Par ailleurs, un conseil d’orientation et de surveillance composé de représentants de l’Etat ainsi que de membres de la ville et de la Métropole de Lyon "aura droit de regard sur les orientations de la programmation et sur les embauches du personnel de l’IFCM" selon l'amendement voté à la Métropole ce lundi.
Dans le même esprit, le bureau de l’association sera composé, comme chaque association, d’un président, d’un trésorier et d’un secrétaire auxquels seront adjoints un vice-président, un trésorier adjoint et un secrétaire adjoint issu des partenaires institutionnels que sont la ville, la Métropole de Lyon et l’université de Lyon.
Humiliation
Si ces gardes fous sont autant de contrôle des activités de l’IFCM, ils en disent long sur les arrières-pensées qui les motivent. C’est comme si les Musulmans de France étaient constamment présumés coupables de dérives islamistes potentielles.
Cet arrière-pensée vise, telle une humiliation, le recteur Kamel Kabtane qui entretient pourtant des relations apaisées avec les autorités républicaines avec constance. Le président du groupe Les Républicains à la Métropole, Philippe Cochet, a même souligné à son propos "l’intégrité dans les valeurs républicaines et son engagement pour l’ouverture des cultures [qui] méritent d’être soulignés".
Malgré tout, la consigne a donné de s’abstenir dans les rangs du parti Les Républicains quand les mêmes avaient voté contre à la ville et à la région. Comprenne qui pourra.
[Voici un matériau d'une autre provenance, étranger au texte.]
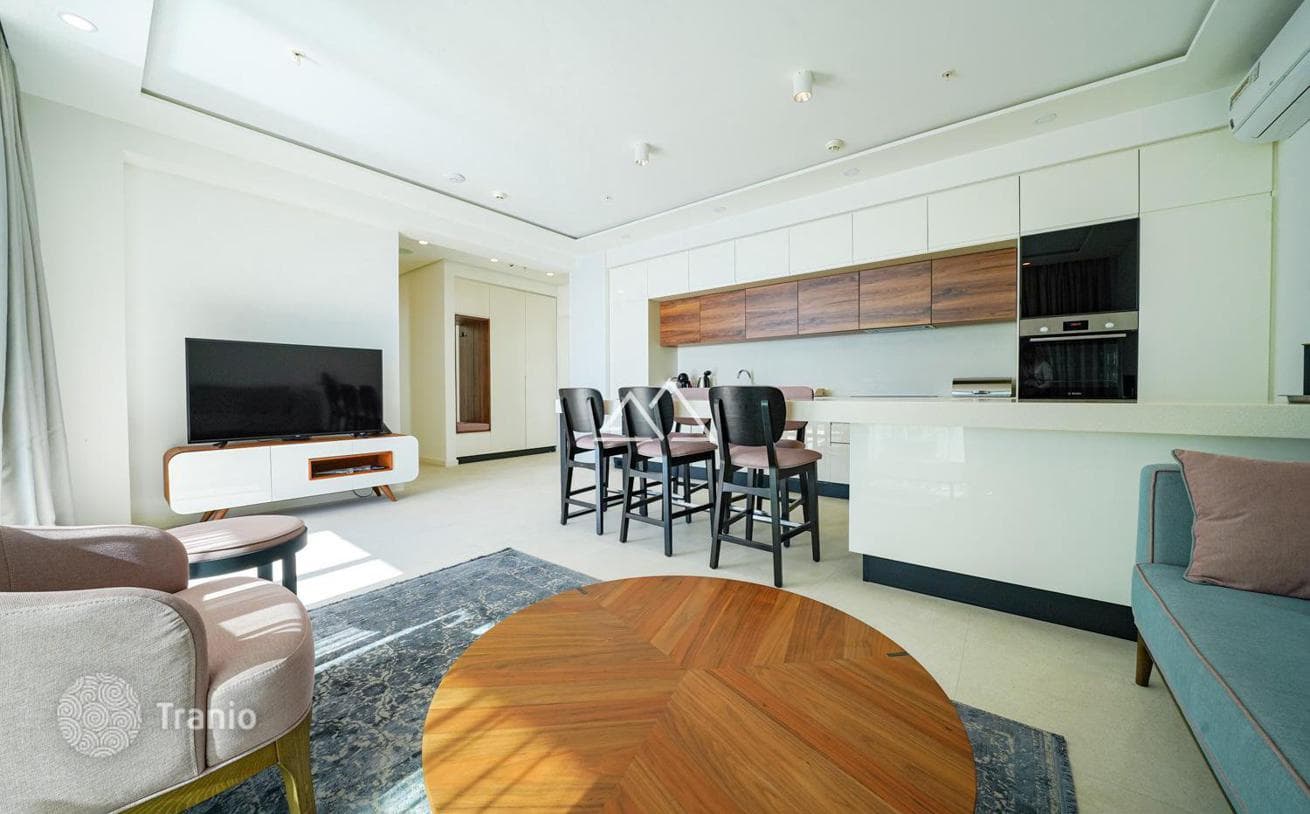 2-Bedroom Beachfront Apartment with Panoramic Sea View in Becici, photo 3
Mais devant les gages fournis dans la gouvernance de l’IFCM, sept élus LR ont décidé de voter en faveur de la subvention : Guy Barret, Nora Berra, François-Noël Buffet, Agnès Gardon-Chemain, Patrick Huget, Inès de Lavernée et Laurence Balas.
Pour rappel, le projet de cet institut français de civilisation musulmane est dans les cartons depuis 1983. A l’origine, il était prévu d’édifier un tel centre culturel à proximité de la Grande Mosquée de Lyon en raison d’un terrain disponible.
Pour rappel, le projet de cet institut français de civilisation musulmane est dans les cartons depuis 1983. A l’origine, il était prévu d’édifier un tel centre culturel à proximité de la Grande Mosquée de Lyon en raison d’un terrain disponible.